The truth about repairing your credit
Black Enterprise, Oct, 1995 by Joyce Harris Jones
A 1992 POSTING ON THE INTERNET CAUGHT THE eye of Maryland resident Ronald Thomas. The ad offered to clean up Thomas's bad credit record and restore it to good health. Thomas felt frustrated and desperate. The bills and the creditors were starting to annoy him. He needed breathing room, particularly now that he was a new father.
In 1990, he had been a little lavish trying to impress his girlfriend--now his wife--by buying $800 worth of jewelry and borrowing $500 from a bank to pay off the amount he owed to two jewelry stores. On top of that, he quit a job in February 1991, thinking he would find something better. He was out of work for 16 months. By the end of that period, his debts added up to $3,650, including interest, late fees and lawyer fees.
"The ad hit me at the right point," Thomas, 25, recalls. "It was a point of frustration, where I felt, 'If I could just pay off the creditors I'd be okay.'" The credit repair company asked for $125 up front. Thomas thought it sounded fishy and decided against it.
If it sounds suspicious, more than likely it is, says David Medine, associate director of credit practices for the Federal Trade Commission.
At a time when we have moved from being a cash-dependent society to a credit-dependent one, and pre-approved credit offers bombard consumers, unscrupulous businesses are flourishing as they prey on people who have succumbed to credit dependency, found themselves in a sea of debt and lack the wherewithal to get out.
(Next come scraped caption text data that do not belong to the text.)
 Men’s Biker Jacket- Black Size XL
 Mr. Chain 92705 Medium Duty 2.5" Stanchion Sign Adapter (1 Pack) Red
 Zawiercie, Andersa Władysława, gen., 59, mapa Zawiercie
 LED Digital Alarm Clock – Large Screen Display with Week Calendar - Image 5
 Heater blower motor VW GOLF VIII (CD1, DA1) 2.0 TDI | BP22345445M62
The potential for these businesses is great. A 1994 survey by the National Foundation for Consumer Credit found that nearly 18 million U.S. households need some form of help in dealing with their debts.
While many agencies that offer credit or debt counseling are legitimate, many that offer to repair credit and change credit histories are operating illegally, Medine says. "There is nothing wrong with providing assistance to consumers with debt problems," says Medine. "The problem with credit repair is that some of these companies make promises on things they can't deliver."
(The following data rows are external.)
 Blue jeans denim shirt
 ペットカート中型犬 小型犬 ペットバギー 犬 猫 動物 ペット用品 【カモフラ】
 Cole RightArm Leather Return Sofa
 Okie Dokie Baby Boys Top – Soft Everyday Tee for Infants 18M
Credit repair scams have become such a thorn in the sides of state law enforcement agencies and the credit industry that last November state attorneys general, creditors, representatives of the three major credit reporting agencies, public interest groups and members of the FTC held a summit in Washington to explore ways to handle the growing problem.
At that time, the FTC announced that it had reached a settlement with Chase Consulting that included a permanent injunction prohibiting it from deceptive practices that violate the Federal Trade Commission Act. The FTC accused the Sacramento, Calif-based company of using America On Line to offer credit repair services and to provide new identities to consumers, Medine says. The company is one of a dozen such businesses the FTC has taken legal action against.
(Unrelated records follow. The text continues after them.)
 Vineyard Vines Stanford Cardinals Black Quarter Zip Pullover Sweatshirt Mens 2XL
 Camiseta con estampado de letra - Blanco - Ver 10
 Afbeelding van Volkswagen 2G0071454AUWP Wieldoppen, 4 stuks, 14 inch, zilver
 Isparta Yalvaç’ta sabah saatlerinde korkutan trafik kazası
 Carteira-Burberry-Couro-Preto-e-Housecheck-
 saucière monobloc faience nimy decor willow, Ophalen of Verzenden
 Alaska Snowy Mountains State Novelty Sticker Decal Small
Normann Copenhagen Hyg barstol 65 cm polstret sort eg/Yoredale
Dave Mooney, spokesman for Equifax Inc., one of the three major credit reporting bureaus, says the alleged illegal businesses, whose bold, boastful ads imply that they can make the most tarnished credit record spotless, are easy to recognize. Many are located in one state and operate in others. The ones that operate in the same state in which they offer their services frequently change the name, location and phone number of their operations. In a Washington and suburban Maryland 1994-95 phone book, eight of the 27 businesses listed under credit and debt counseling have disconnected phone lines.
The methods of operation are common, and some are not illegal, just annoying to creditors. Some of the unscrupulous credit repair companies will ask for up-front fees, charging from $100 to $1,500 for their services. Then, they bombard the credit reporting agencies with letters disputing everything on the consumer's credit report, whether the information is true of false. These services operate under the premise that they can wear out the agency with letters on every item and get each item removed.
Credit reporting bureaus are required to respond within 30 days to disputes in a credit report. The investigation must be completed within those 30 days, or the item in question must be removed. If found accurate, the information will be replaced at a later date, however. Equifax and other credit bureaus can now e-mail items to creditors to verify information being disputed. Before, file review requests were made by mail. The instantaneous response reduces the likelihood that the items in question will have to be removed.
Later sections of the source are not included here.